#### [PROBLEM STATEMENT]
Your task is to restate word for word the lines in the material below, from the one with "चालान काटने को" up to and including the one with "New 2026 Chevrolet". Do not carry over the pictures.

#### [DATA SHOWN]
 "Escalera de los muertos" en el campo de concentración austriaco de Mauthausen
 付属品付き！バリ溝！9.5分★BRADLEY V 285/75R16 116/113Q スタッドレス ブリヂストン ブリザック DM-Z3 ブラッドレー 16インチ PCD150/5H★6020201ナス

* * *

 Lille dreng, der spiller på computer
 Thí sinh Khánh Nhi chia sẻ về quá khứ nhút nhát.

==

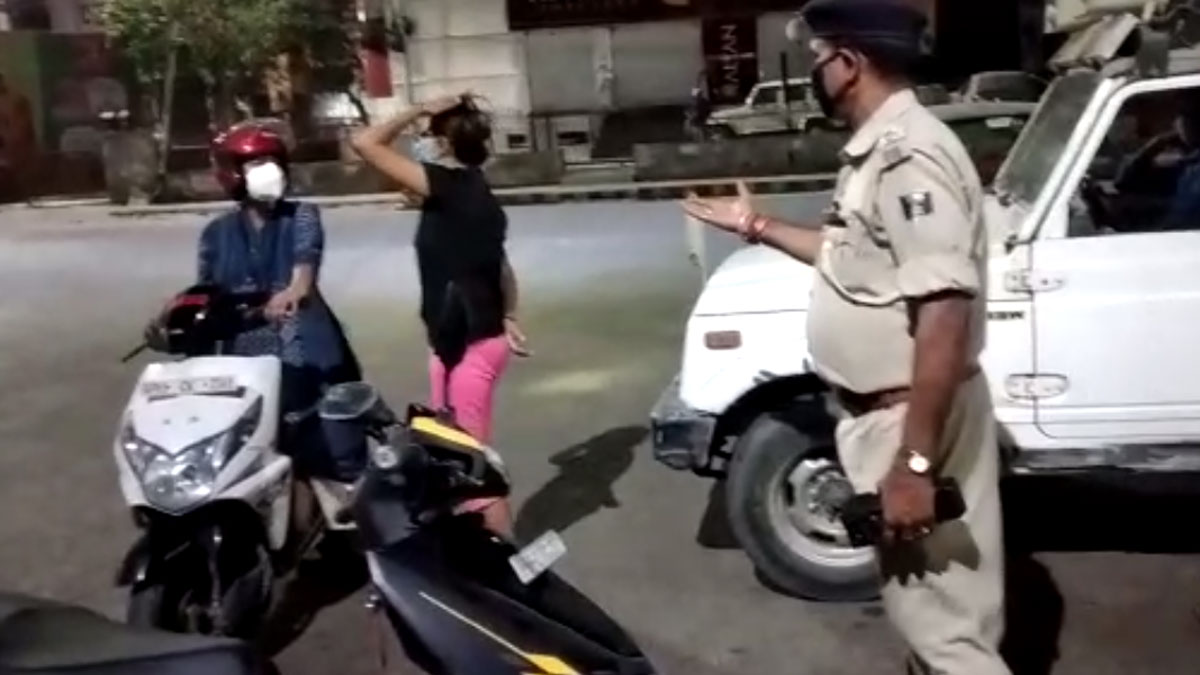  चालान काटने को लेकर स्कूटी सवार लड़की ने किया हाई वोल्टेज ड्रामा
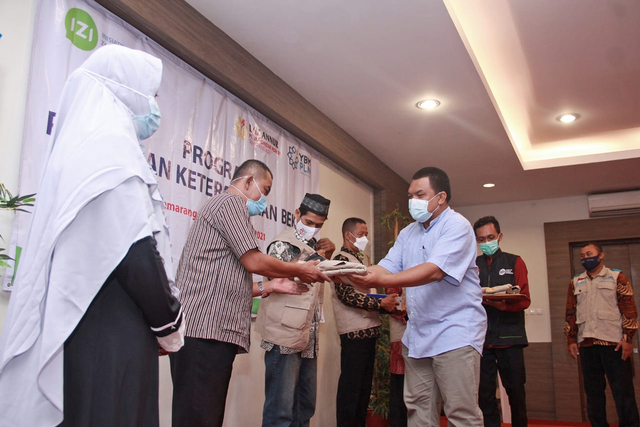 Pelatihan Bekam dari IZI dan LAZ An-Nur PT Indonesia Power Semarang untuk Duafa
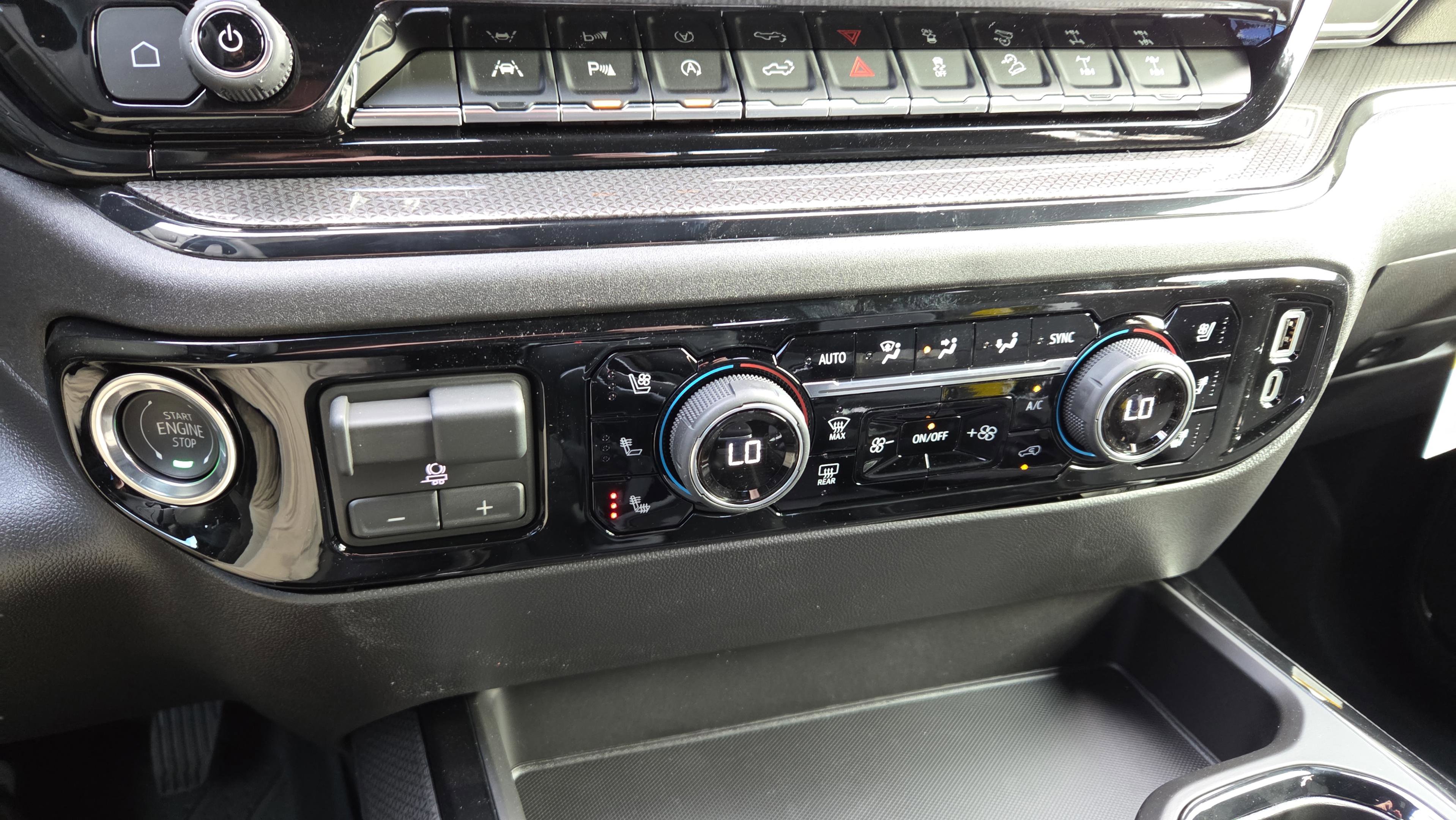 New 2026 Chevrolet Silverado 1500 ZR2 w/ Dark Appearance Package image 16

#### [REPLY]
  चालान काटने को लेकर स्कूटी सवार लड़की ने किया हाई वोल्टेज ड्रामा
 Pelatihan Bekam dari IZI dan LAZ An-Nur PT Indonesia Power Semarang untuk Duafa
 New 2026 Chevrolet Silverado 1500 ZR2 w/ Dark Appearance Package image 16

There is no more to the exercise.